---------- Data for this exercise

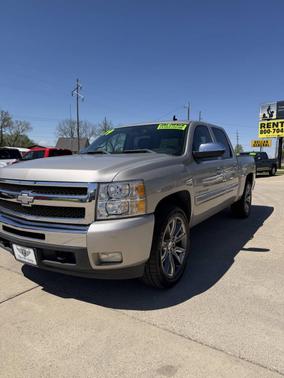 Gray 2009 Chevrolet Silverado 1500 LT Crew Cab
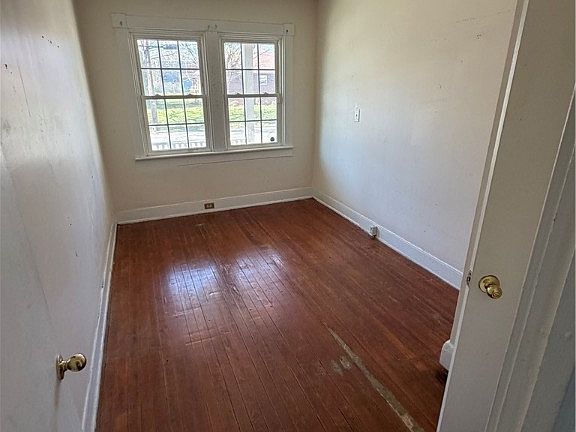 5th image of 3210 Q St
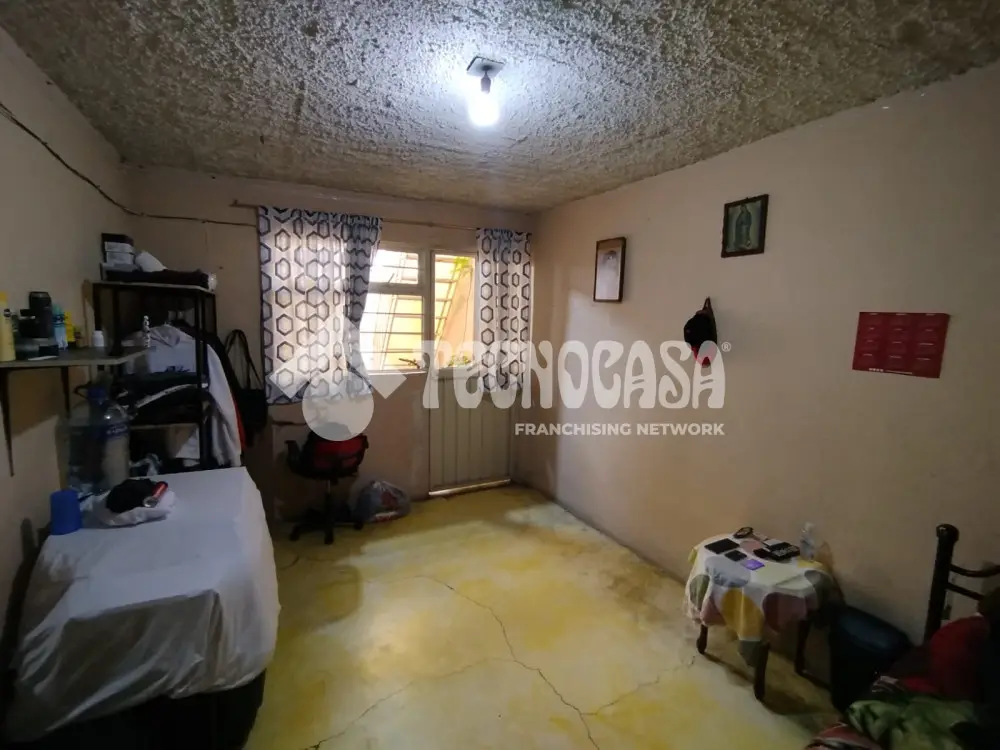 Casa en Escuadron 201 — foto 8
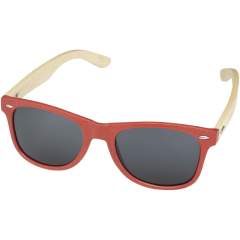 Ces lunettes de soleil durables au design rétro sont le cadeau promotionnel idéal lors des festivals d'été, des événements ou d'autres activités extérieures par temps ensoleillé. Le cadre est fabriqué à partir d'un mélange de plastique et de bambou réduisant l'utilisation de plastiques vierges. Il est disponible en plusieurs couleurs tendance. Les branches offrent un ajustement léger et confortable. Elles sont fabriquées à partir de bambou qui provient de sources durables, environnementales et socialement responsables. Ces lunettes sont conformes à la norme EN ISO 12312-1 et sont dotées de verres UV400 classés dans la catégorie 3, ce qui en fait le choix idéal pour une protection contre les rayons du soleil. La gravure au laser est recommandée comme option de marquage durable.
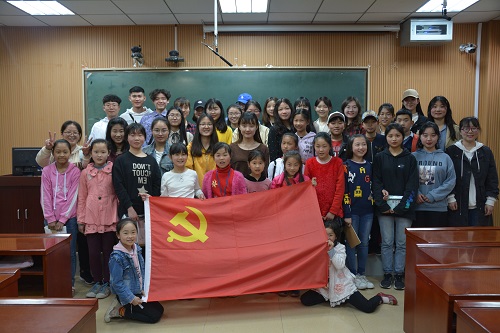 澳门电子pg游戏官网“我为党旗添光彩”党员发展对象志愿服务活动顺利开展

--------------------

■ **What you will do**
Print exactly the lines running from the start of the entries above to the line with "Casa en Escuadron 201 — foto 8", both included; leave out any pictures.

■ **Solution to this exercise**
 Gray 2009 Chevrolet Silverado 1500 LT Crew Cab
 5th image of 3210 Q St
 Casa en Escuadron 201 — foto 8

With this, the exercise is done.